Son terrain de jeu ? Le cortex visuel. Il traite tout ce qu’on voit. Dans cette partie du cerveau se trouvent les neurones miroirs qui fonctionnent de la même manière quand on regarde quelque chose et quand on y pense. Mentalista foot enregistre le cerveau d’une personne quand elle regarde un ballon aller à gauche ou à droite et crée un modèle électrique de référence qui est enregistré. Quand elle imaginera le ballon aller à gauche ou à droite, il bougera selon la pensée.

Son espèce. Les artistes du futur. Depuis deux ans, il prend plaisir à travailler sur le cerveau et adopte une posture techno-critique face aux recherches d’Elon Musk ou de Facebook. « J’ai envie d’être présent sur cette scène en tant qu’artiste au moment où ces technologies seront utilisées, qu’on ne nous impose pas une technologie fermée ».

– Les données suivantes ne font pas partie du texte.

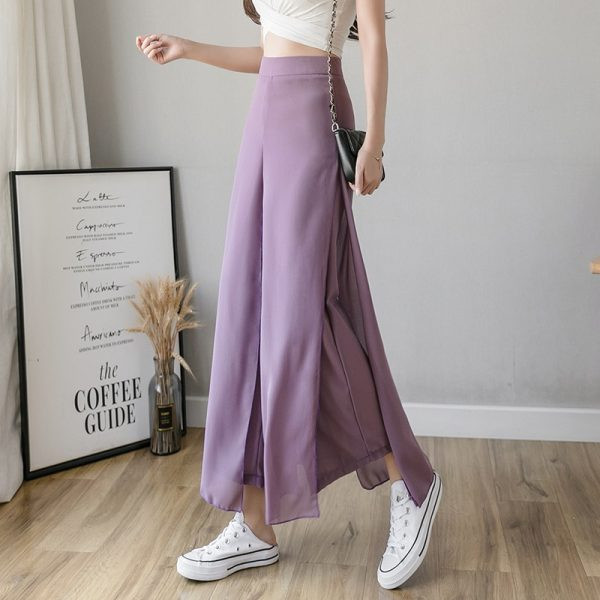 Нов модел дамски панталон с висока талия - широк модел в четири цвята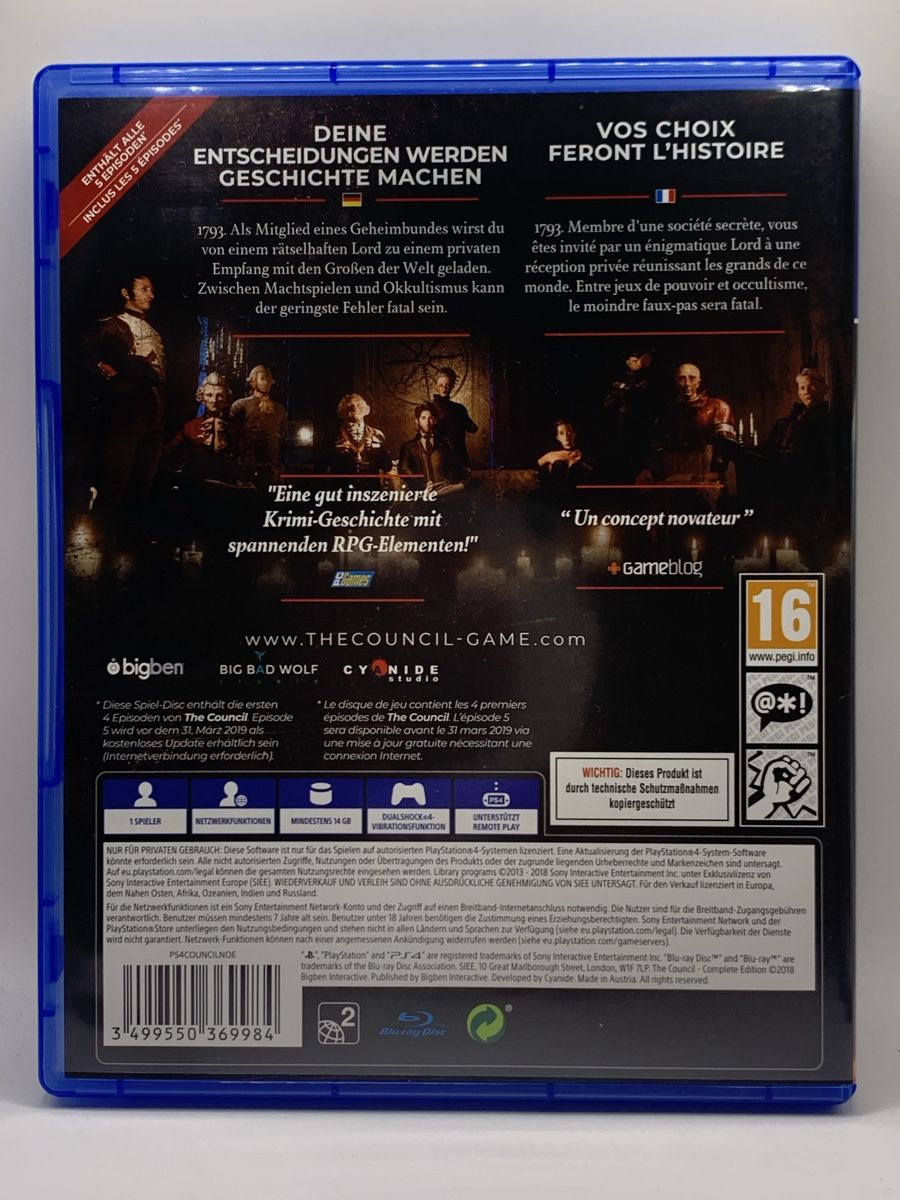 Sony Spiele: PS4 - The Council Complete Edition – Gebraucht aus Ostermundigen von RG-Collector 1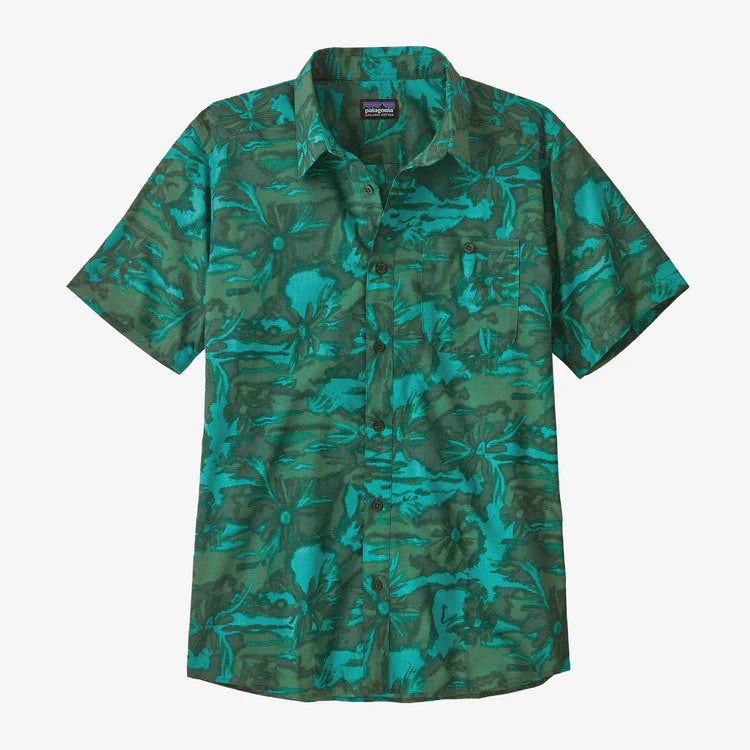 Patagonia Men's Go-To Shirt - Cliffs and Waves: Conifer Green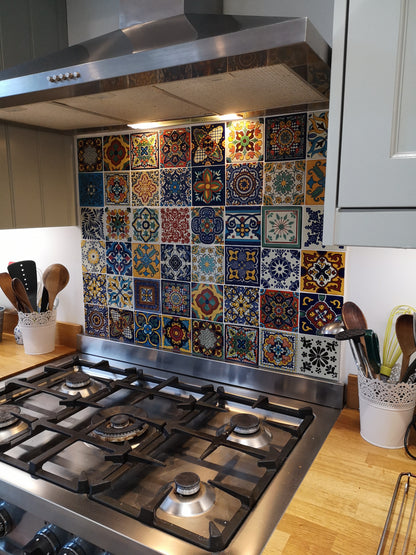 "Aleatorio" Tile Collection - 36 x 10.5cm Assorted Talavera Mexican Handmade Tiles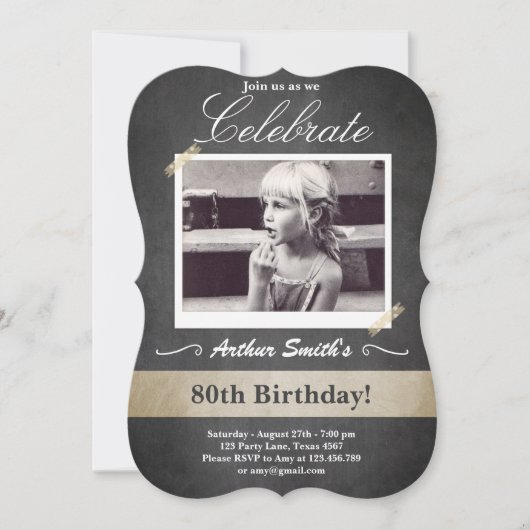 Invitation d'anniversaire 80e anniversaire Vintage (Devant)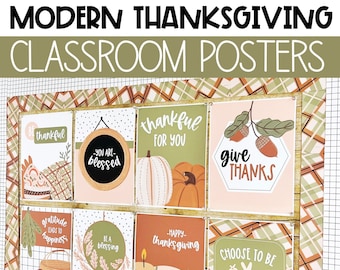 Modern Thanksgiving Classroom Posters, November Theme, Easy Holiday Classroom Decorations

Sa vision de l’homme du futur. « Il sera comme moi : fatigué, sapé n’importe comment ».

L’ExoAtlet - Un nouveau squelette

Exosquelette russe - ExoAtlet
Exosquelette russe - ExoAtlet - L. BEAUDONNET / 20 MINUTES

Son invention : L’exosquelette, conçu par le centre de recherche et développement russe Skolkovo, permet aux patients à la mobilité réduite et aux paraplégiques de se lever, de marcher et même de monter des escaliers. Le mécanisme produit les mouvements par lui-même, avec l’aide de l’intelligence artificielle.

Son terrain de jeu ? Les structures médicales et les institutions. Il existe plus d’une centaine d'exosquelettes de ce type en test. L'idée principale de cette innovation : « pour marcher, il faut marcher ».

Son espèce. Les personnes infirmes ou handicapées. L’exosquelette permet de rééduquer les jambes, d’irriguer le système sanguin de manière à éviter les effets secondaires de l’immobilisme sur le corps.

Sa vision de l’homme du futur. « Il permettra à la nature de grandir en sécurité ».